Exercise instructions |
Write the full listing out again, word for word, but omit the pictures.

Input data |
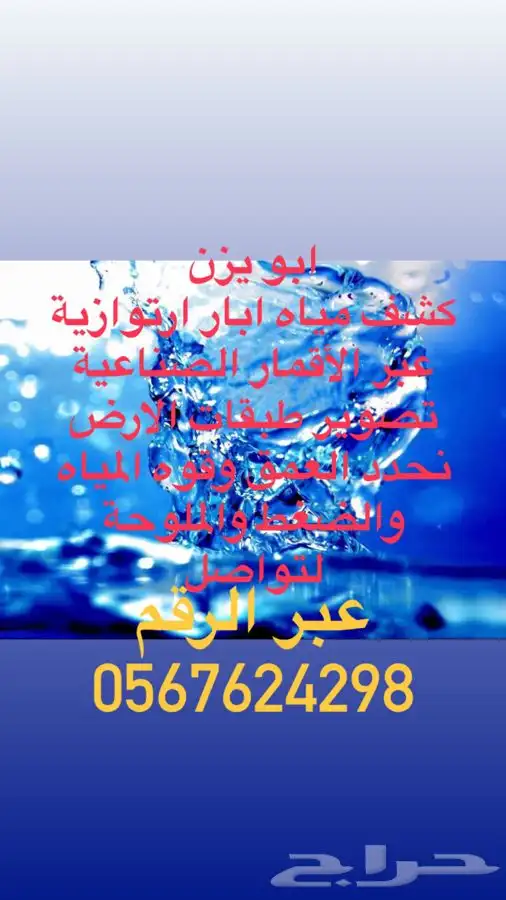 كشف مياه ابار ارتوازية عبر الاقمار الصناعية 0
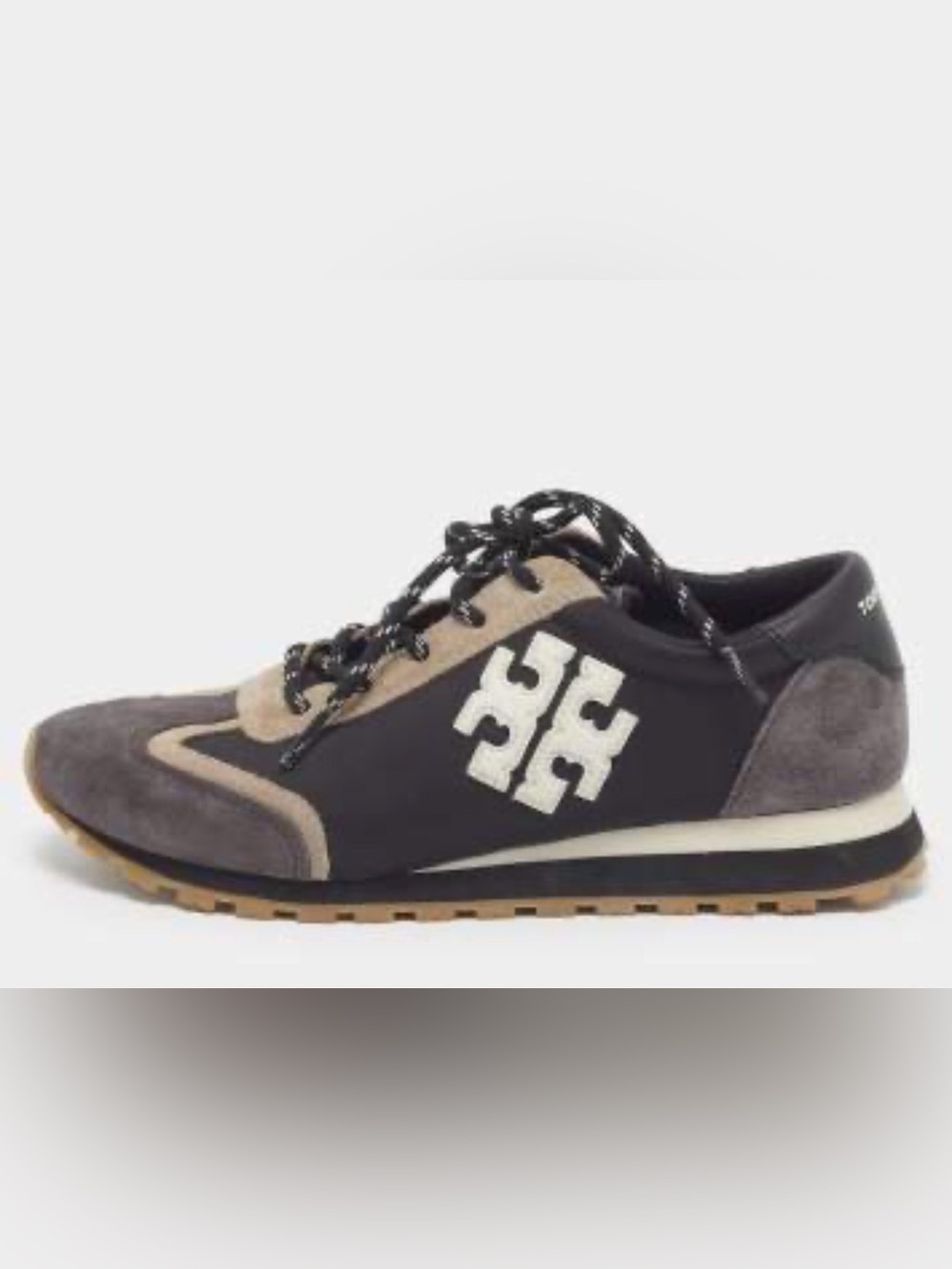 Tory Burch Vintage Nylon Logo Runner Sneakers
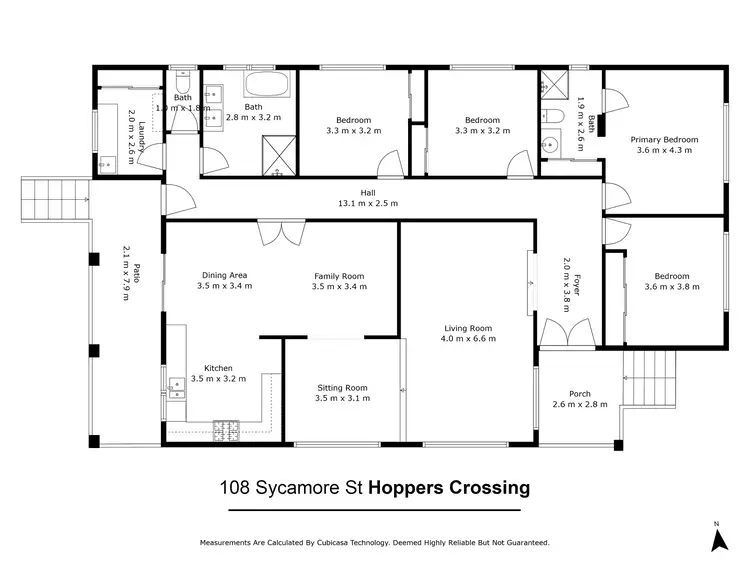 Floorplan of Homely house listing, 108 SYCAMORE STREET, Hoppers Crossing VIC 3029
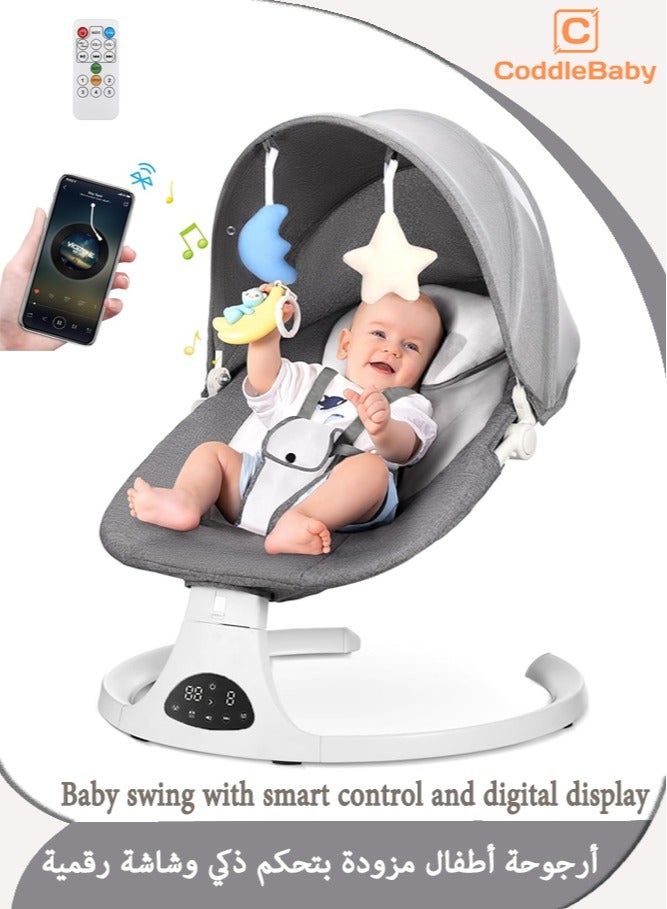 CoddleBaby Baby Sleeper 3 in 1 Rocker and Swing for Newborns – Multi-Functional Electric Cradle with Music, Gentle Vibration, and Mosquito Net for Comfort and Safety - Image 1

Output for this exercise |
 كشف مياه ابار ارتوازية عبر الاقمار الصناعية 0
 Tory Burch Vintage Nylon Logo Runner Sneakers
 Floorplan of Homely house listing, 108 SYCAMORE STREET, Hoppers Crossing VIC 3029
 CoddleBaby Baby Sleeper 3 in 1 Rocker and Swing for Newborns – Multi-Functional Electric Cradle with Music, Gentle Vibration, and Mosquito Net for Comfort and Safety - Image 1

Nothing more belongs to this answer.